1996: Toe Sucking and Burning Mylar Confetti

The crowd celebrates the end of the Democratic National Convention at Chicago's United Center Thursday, Aug. 29, 1996.(Mark Humphrey/AP)

September 4, 2012

President Clinton’s triumphant train ride into Chicago and Dick Morris’s toe-licking scandal on the morning of the president’s acceptance speech were a few of the hallmarks of Convention ’96. Following are edited excerpts from interviews with participants over the past 12 years.

 

Michael Waldman

Clinton speechwriter

 

Clinton had a few tasks he wanted to accomplish with his speech. He wanted to convey optimism. He wanted to lay out a full agenda so that people wouldn’t say, “What have you done for me lately?” Senator [Bob] Dole had a distinctly different speech. He wanted a bridge to the past. Clinton had been playing with the “Bridge to the 21st Century.” It became clear that was going to be the focus of the speech. The line was something that he had been using on the stump and was similar to something that he used during his famous speech for Michael Dukakis. Pundits sneered at it, but it appealed to voters. Clinton always said it was the most effective slogan he had.

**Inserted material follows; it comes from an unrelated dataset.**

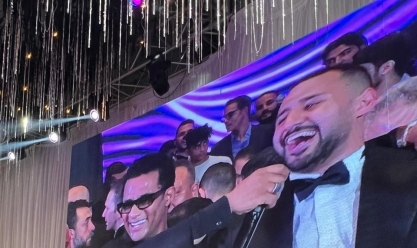 محمد رمضان يشعل حفل زفاف ابنة مصطفى كامل بأغنية «الساعات الحلوة»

As of five days before the speech, the president hadn’t really focused on the speech. But he was going to the convention by train. We were very proud of having secured a private office on the train, but when we got there, we discovered it was a bathroom. We moved out of there quickly. We hoped he would be cooped up on the train, but of course, he was so engaged and talking to voters that he didn’t do much work on the speech.

As the train went to Chicago, I gave him a draft every day. When we got to Chicago, he line-edited it and dictated massive changes. The night before the speech, he slept. I didn’t. In the back seat of the limousine [on the way to the convention hall], he was making changes, and I was typing them in. After a number of teleprompter mishaps, I had vowed to stand next to the operator during the speech. The teleprompter operators were private contractors. I think they were roadies for rock concerts.

 

Diana Walker

Time magazine photographer

The White House granted Time some behind-the-scenes access at different times during the campaign, and one of the times was the train trip leading into the convention. A train isn’t the easiest place to shoot, especially in the caboose. One night, the president was watching Hillary make her speech at the convention. This was a picture I needed, because this was sort of unique. When I got into the compartment, it was teeny. The train was just rumbling along. There was no light except one lamp. I remember holding on for dear life because the last thing I wanted to do was fall on my face when I was supposed to be a fly on the wall. I held on to my Leica as tight as I could and steadied myself and shot. He was watching the television, and all of a sudden she said something that he loved, and he put his fist up in the air and said, “Yes!” And I thought, “God, if this doesn’t work, I’m finished.” With President Clinton, because he is so animated, and because he is a pro, usually something happened in those few moments [of access] that would capture something, that would make you think I’d been there for hours.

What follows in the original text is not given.